Nadeem F. Paracha in Dawn:
A recent fatwa from a ‘Saudi Council of Muftis’ has this advice for fellow Muslims: Do not say [or write] ‘mosque.’ Always say ‘masjid’ because mosque may mean mosquito. Another myopic case of Saudi malaria perhaps?
Certainly. But that’s not all. The grand fatwa goes on to suggest that Muslims should not write ‘Mecca’ but Makkah, because Mecca may mean ‘house of wines.’ I am serious. But then so are the Muftis. They certainly need to get a life.
But I’m not all that surprised by such fatwas that usually emanate from Saudi Arabia. While vicious reactionary literature originating in totalitarian puritanical Muslim states impact and mutate the political bearings of various religious parties and groups in Pakistan, ‘social fatwas’ like the one mentioned above also began appearing in the early 1980s to influence the more apolitical sections of Muslim societies.
Reactionary literature generated by the Saudi propaganda machine started being distributed in Pakistan from 1979 onwards, mostly in the shape of pamphlets and books.
Duly translated into Urdu, they glorify and propagate violent action (jihad) not only against non-Muslims (or infidels) but also against those Muslims who fail to follow the thorny dictates of a certain puritanical strain of the faith.
What’s more, there was nothing so clandestine about the whole process.
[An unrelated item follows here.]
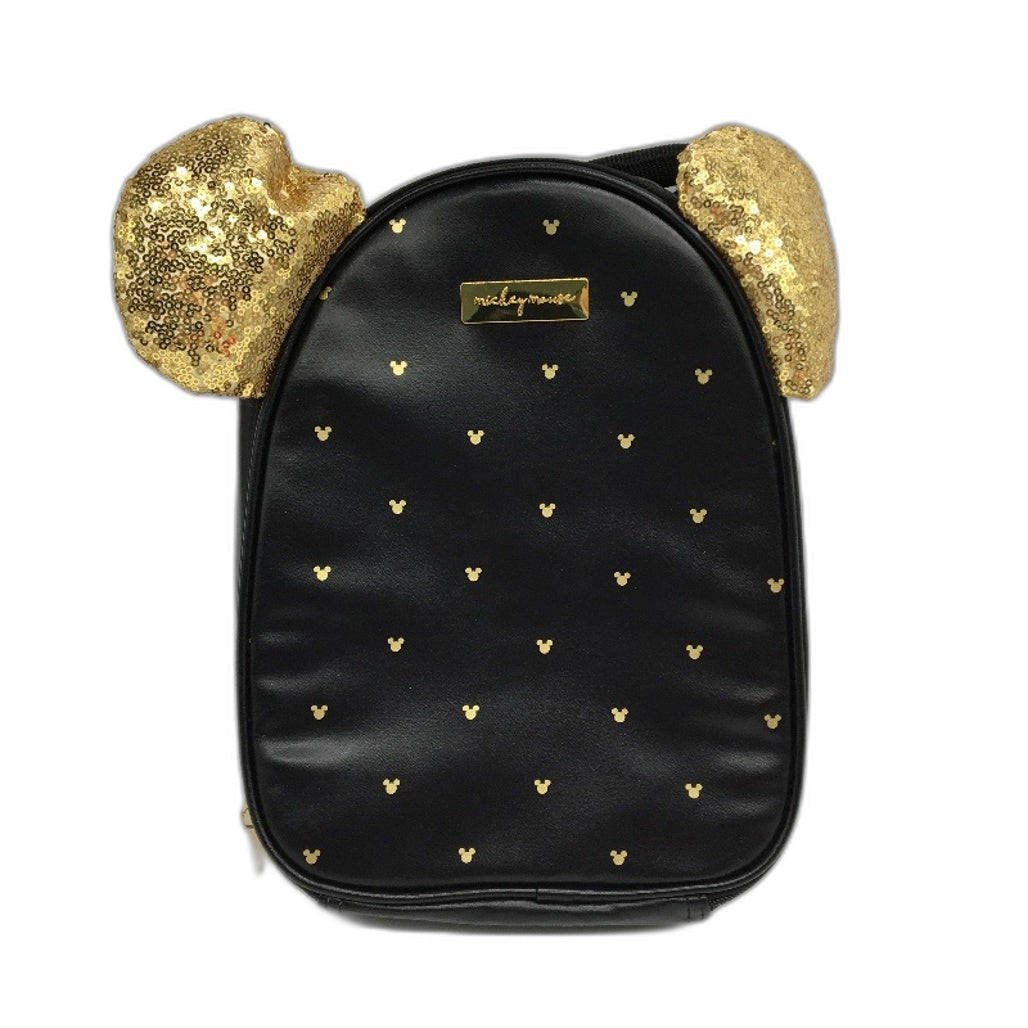 Disney Minnie Mouse Plush Toy and Black Sequined Insulated Lunch Bag Bundle NEW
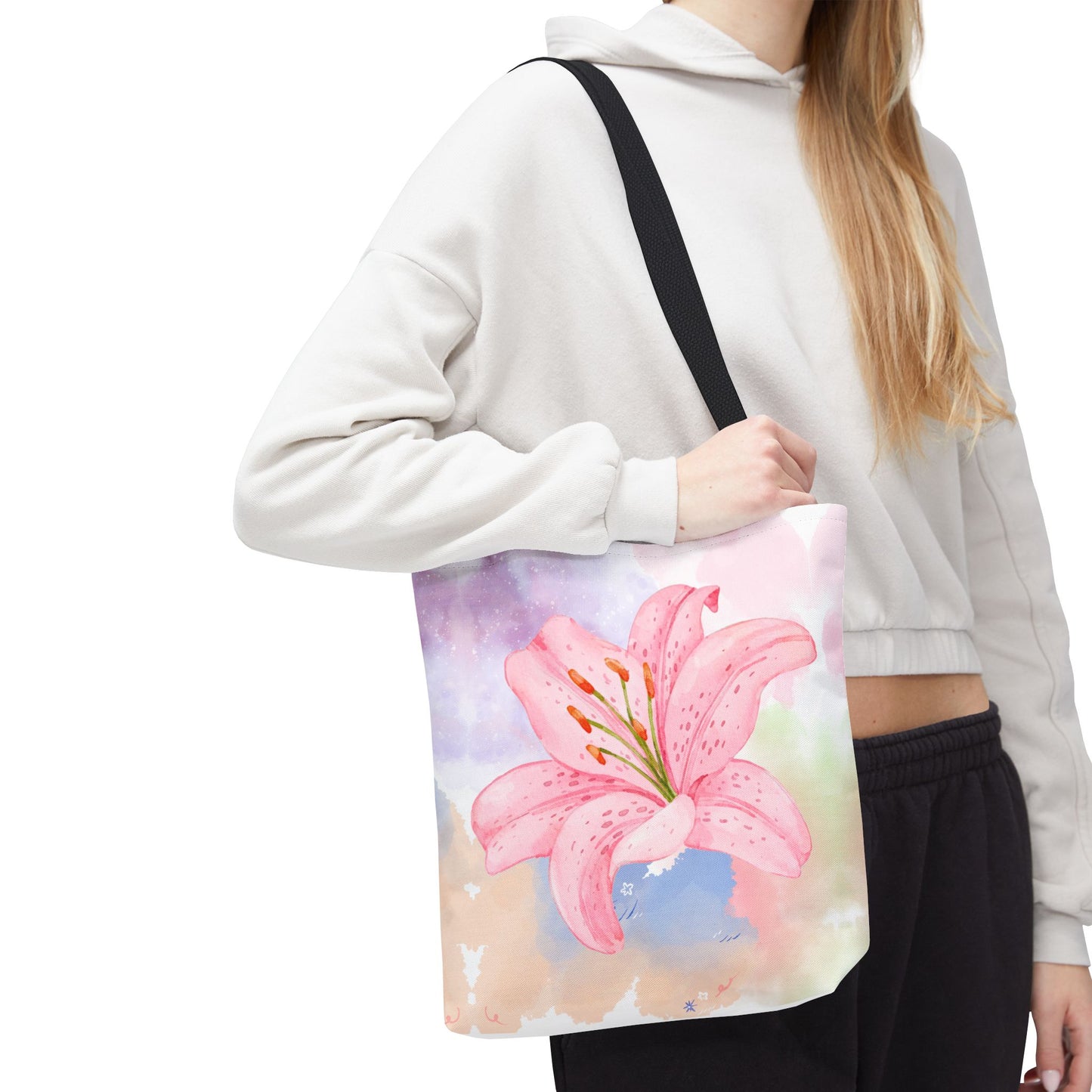 Pink Watercolor Lily Tote Bag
Because along with mainstream religious parties and jihadi groups during the so-called ‘anti-Soviet Afghan jihad,’ the state of Pakistan also encouraged the unchecked proliferation of this arrogant, myopic and hate-spouting literature.
To the Pakistani state (during the ‘Afghan jihad’) such literature and propaganda were essential to introduce and expand a kind of ‘Islam’ that was historically alien to the religious ethos of Pakistan’s majority Muslim population.
It was alien because for centuries, the political and cultural dynamics of the subcontinent had been such that for survival and posterity’s sake, Hindu, Muslim, Sikh and other religious groups of the region, had to adapt and tolerate each other’s religious convictions and rituals. Such a process eschewed religious Puritanism and repulsed any attempt (Hindu or Muslim) to impose a hegemonic social strain of their respective faiths.
The extreme strains in this respect remained on the fringe, both Hindu and Muslim.